INT regime. Left: XMCD images of the array with $p=120\mathrm{nm}$, belonging to the INT regime, with MSD vertical (up), and ${45}^{\circ }$ tilted (down). Right: $\theta$ map of the magnetization angle.

Figure 10

AD regime. $\theta \left(r\right)$ linescans in the array with $p=200$ nm, which belong to the AD regime. Experimental $\theta \left(r\right)$ along lines 1 and 2 indicated in Fig. 8 have been plotted as open squares and circles, respectively.

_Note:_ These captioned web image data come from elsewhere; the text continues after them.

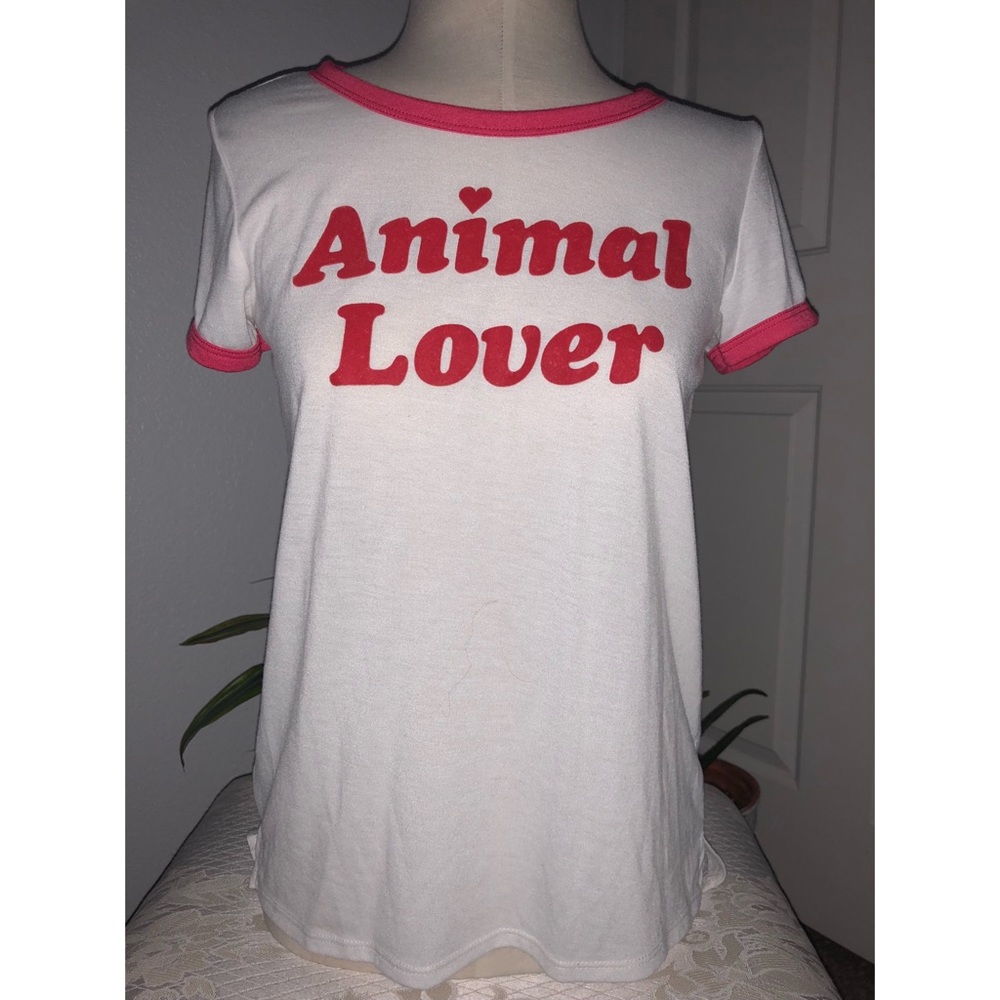 Red and white ringer tee “animal lover”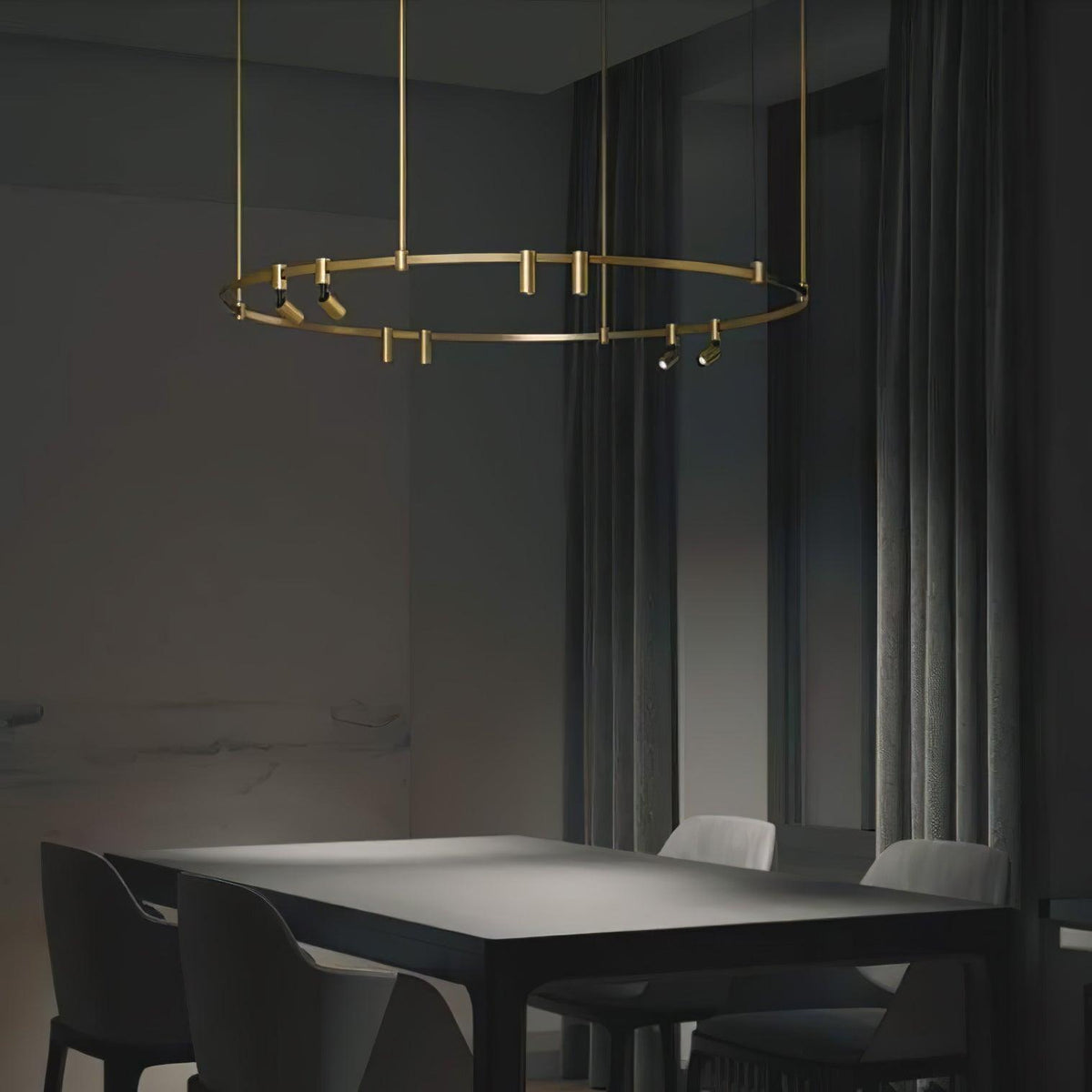 Ivrinir Ringed Brass Pendant Lamp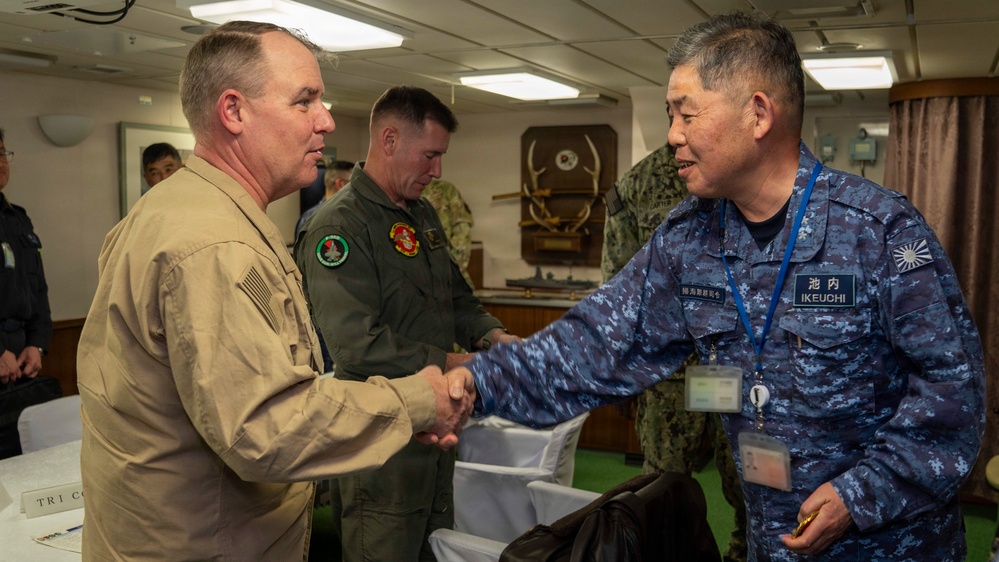 Tripoli ARG Commanding officers meeting with JMSDF Rear Admiral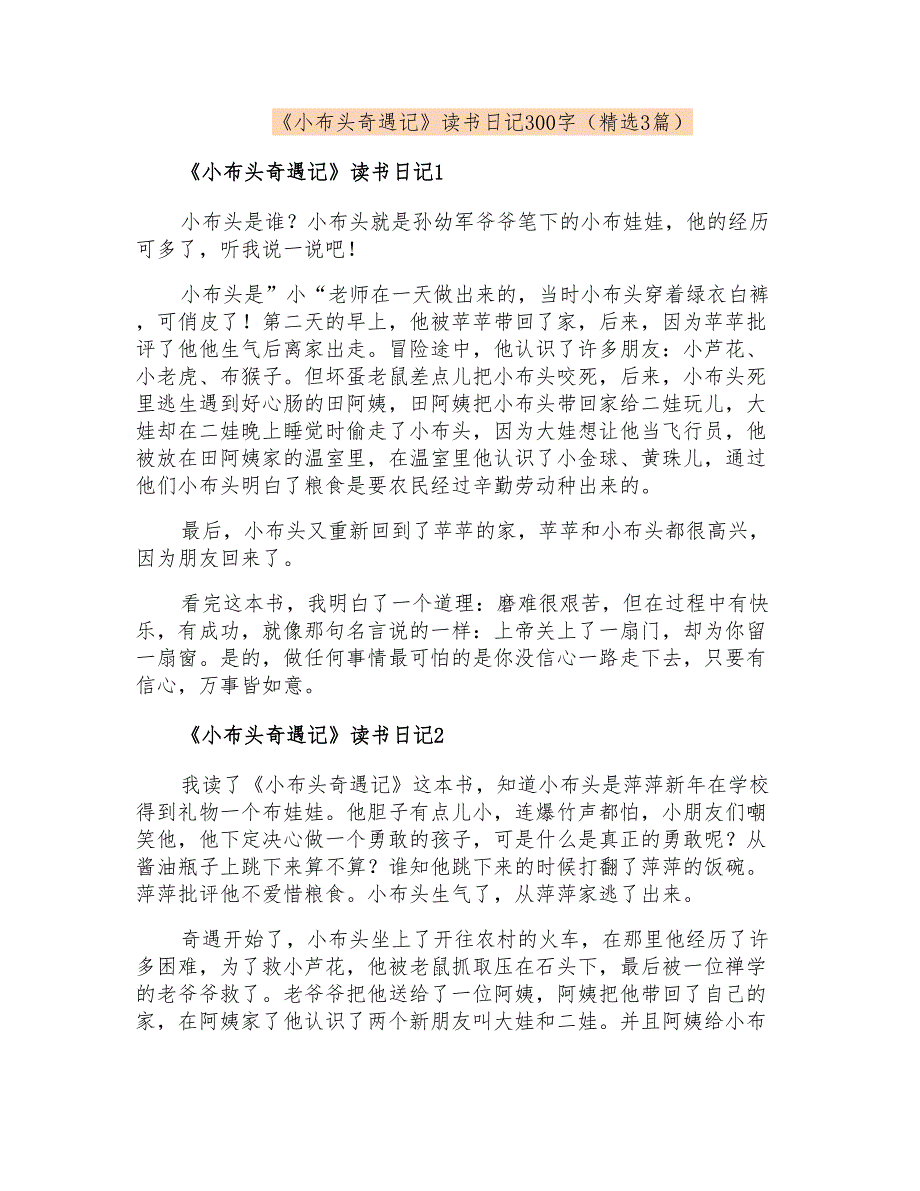 《小布头奇遇记》读书日记300字(精选3篇)_第1页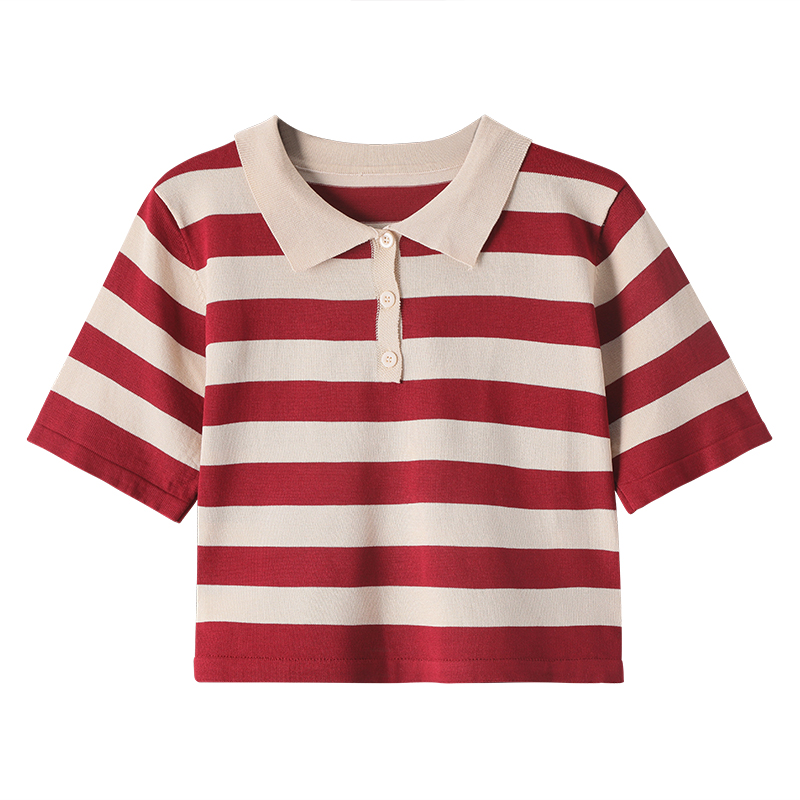 Front shoulder short-sleeved short top design sense polo collar American retro striped t-shirt women's summer clothing 2023 new trend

Simulated $\theta \left(r\right)$ along lines 1 and 2 indicated in Fig. 15 are plotted as dashed and continuous lines, respectively. Circles on top of the graph represent the antidot positions. Holes with $d$ are plotted in dark grey and the FIB damaged ring with $d_{\mathrm{eff}}$ in light grey.

Figure 11

INT regime. $\theta \left(r\right)$ linescans in the array with $p=120$ nm, which belong to the INT regime. Experimental $\theta \left(r\right)$ along the line indicated in Fig. 9 has been plotted as open squares. The simulated linescan along the line indicated in Fig. 15 is plotted as a continuous line. Circles on top of the graph represent the antidot positions. Holes with $d$ are plotted in dark grey and the FIB damaged ring with $d_{\mathrm{eff}}$ in light grey.

Figure 12

Series 2: $H_C$ dependence on $p$ of the antidot arrays on Co and Py are plotted as solid squares and open circles, respectively. The blue, green, and red colors represent data belonging to the AD, INT, and D regimes, respectively. In the inset, $H_C$ vs ${\lambda }^{-1}$ is plotted, showing a linear trend for $p$ above the crossover. The function $\Delta H_C\propto 1/\lambda$, with the obtained $d_{\mathrm{eff}}$ value [35], is plotted as solid and dashed black lines for cobalt and permalloy, respectively.

Figure 13

$H_C$ of simulated arrays of antidots with $d=$ 80 nm (squares), 90 nm (circles), 100 nm (triangles), 110 nm (rhombs), and 120 nm (stars), as a function of $\lambda$. Experimental values for Series 1 are plotted as open squares for comparison. The data belonging to the antidot, intermediate, and D regimes are represented with blue, green, and red colors, respectively. In the inset the same data set is plotted vs ${\lambda }^{-1}$.

Figure 14

Values of $H_C^{\max }$ and $p_{\max }$ as a function of $d$ for $H_C$ curves of different diameters. The linear fit of $p_{\max }$ vs $d$ confirms that the $H_C^{\max }$ allways occurs for $p=d+12.3$ nm.

Figure 15

Simulated $\theta$ maps of the magnetization angle of antidot arrays with $d=110$ nm belonging to the (a) AD and (b) INT regimes, with $p=200$ and 120 nm, respectively. (c) $\theta$ map of the remanent state of a dot of the D regime array with $p=d=110$ nm. (d) Colorscale of $\theta$.